The Bank’s announcement indicated it is in no hurry to raise interest rates against the backdrop of a further slowdown in Canadian economic growth. Indeed, the Bank said it “expects CPI inflation to be slightly below the 2% target through most of 2019.” It also signaled its “increased uncertainty” about the timing of future rate hikes.
The bottom line is that the Bank will be keeping interest rates on hold until it sees improved household spending, oil prices and U.S. trade policies.
On the morning when the Bank made its interest rate announcement, financial markets put the odds of seeing higher interest rates by 2020 at just under 20%. After the announcement, those odds were pared to less than 15%. Indeed, financial markets put the odds of interest rates remaining on hold for the rest of 2019 at just under 80%. The odds of a cut in the interest rate by the end of 2019 also rose from less than 2.5% before the announcement, to almost 9% immediately after the announcement.

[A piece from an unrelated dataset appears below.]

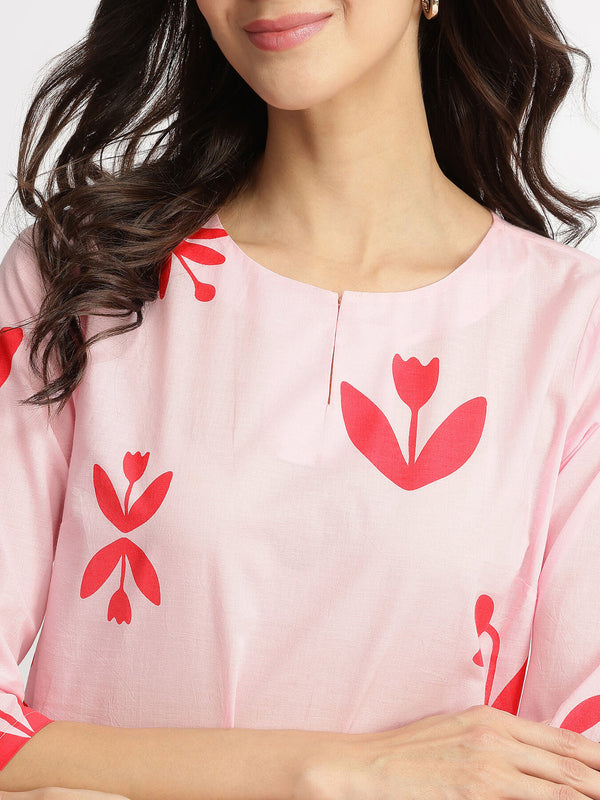Cotton Floral Motif Kurta - Pink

On March 6, the benchmark five-year lending rate was still 5.34%—where it has been since May. This is 0.2% higher than one year ago and 0.7% above what it was during most of mid-2015 through mid-2017. All mortgage applicants must qualify for financing based on an interest rate no less than the benchmark five-year lending rate, even if the mortgage is for less than five years.
Canada’s major chartered banks are currently advertising five-year fixed mortgage interest rates ranging from 3.64% to 5.34%. Home buyers can often negotiate a rate below lenders’ advertised rates depending on their creditworthiness and the degree to which they do other banking business with the mortgage lender.
The Bank of Canada’s next interest rate announcement will be on April 24 and will be accompanied by its updated outlook for the economy and inflation.